Only the lines from the line containing "Stdup My What" to the end of the material belong in the copy; set them down exactly, without pictures.

→ Dataset content
++++++++++
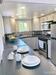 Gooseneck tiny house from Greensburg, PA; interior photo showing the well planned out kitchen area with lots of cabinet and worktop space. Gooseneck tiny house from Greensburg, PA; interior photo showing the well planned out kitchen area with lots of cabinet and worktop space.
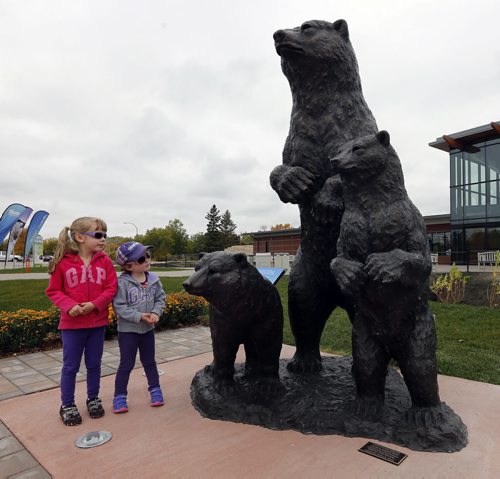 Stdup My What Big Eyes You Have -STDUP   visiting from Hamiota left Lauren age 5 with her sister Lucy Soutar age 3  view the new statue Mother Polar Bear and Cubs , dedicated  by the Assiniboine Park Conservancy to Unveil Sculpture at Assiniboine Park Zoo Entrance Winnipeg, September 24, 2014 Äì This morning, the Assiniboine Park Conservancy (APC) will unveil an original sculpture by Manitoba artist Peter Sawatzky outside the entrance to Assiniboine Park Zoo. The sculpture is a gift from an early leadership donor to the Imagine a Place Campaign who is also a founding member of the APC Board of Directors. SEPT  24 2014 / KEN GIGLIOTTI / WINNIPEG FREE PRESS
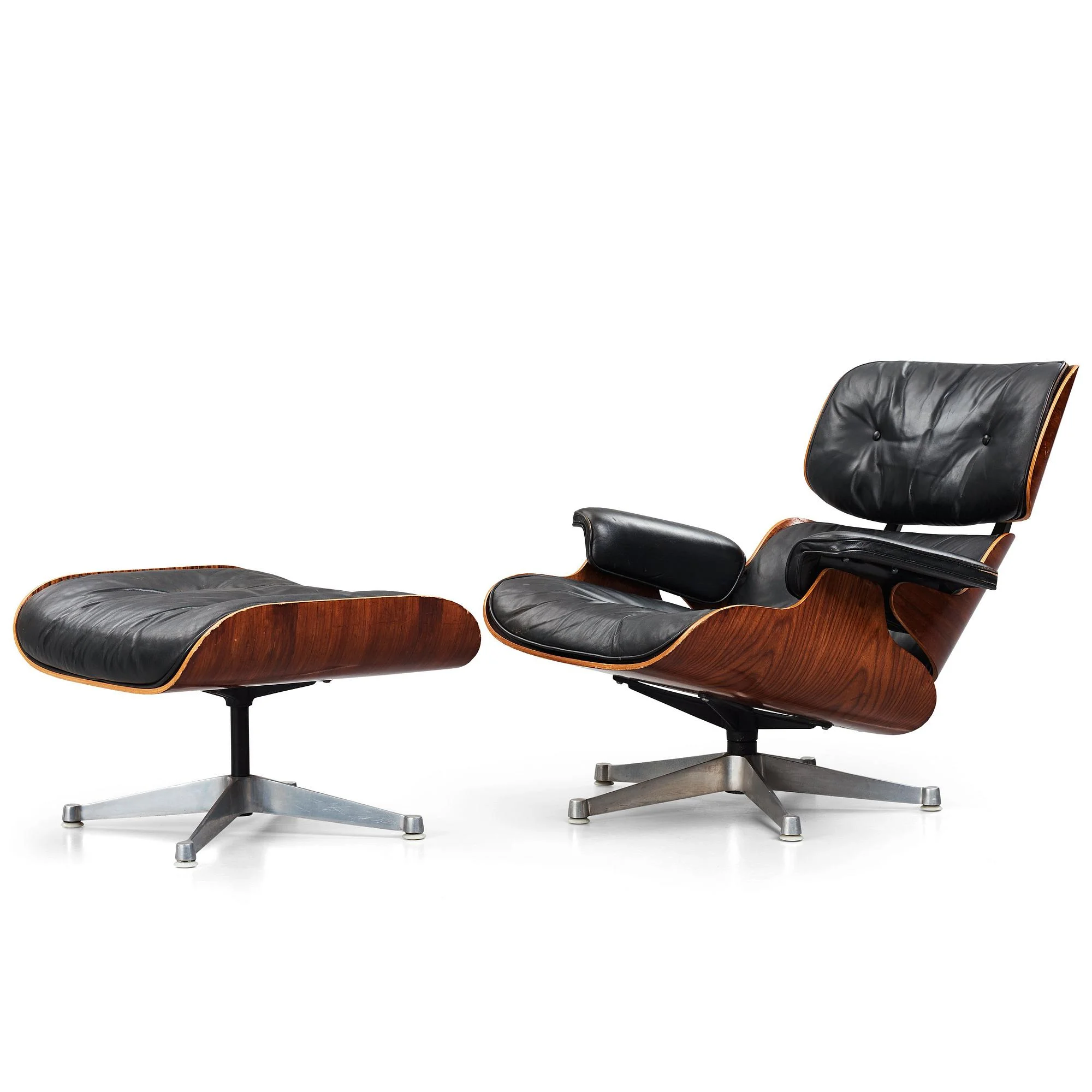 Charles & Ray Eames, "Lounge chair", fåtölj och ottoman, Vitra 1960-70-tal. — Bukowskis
++++++++++
→ Solution for this task
 Stdup My What Big Eyes You Have -STDUP   visiting from Hamiota left Lauren age 5 with her sister Lucy Soutar age 3  view the new statue Mother Polar Bear and Cubs , dedicated  by the Assiniboine Park Conservancy to Unveil Sculpture at Assiniboine Park Zoo Entrance Winnipeg, September 24, 2014 Äì This morning, the Assiniboine Park Conservancy (APC) will unveil an original sculpture by Manitoba artist Peter Sawatzky outside the entrance to Assiniboine Park Zoo. The sculpture is a gift from an early leadership donor to the Imagine a Place Campaign who is also a founding member of the APC Board of Directors. SEPT  24 2014 / KEN GIGLIOTTI / WINNIPEG FREE PRESS
 Charles & Ray Eames, "Lounge chair", fåtölj och ottoman, Vitra 1960-70-tal. — Bukowskis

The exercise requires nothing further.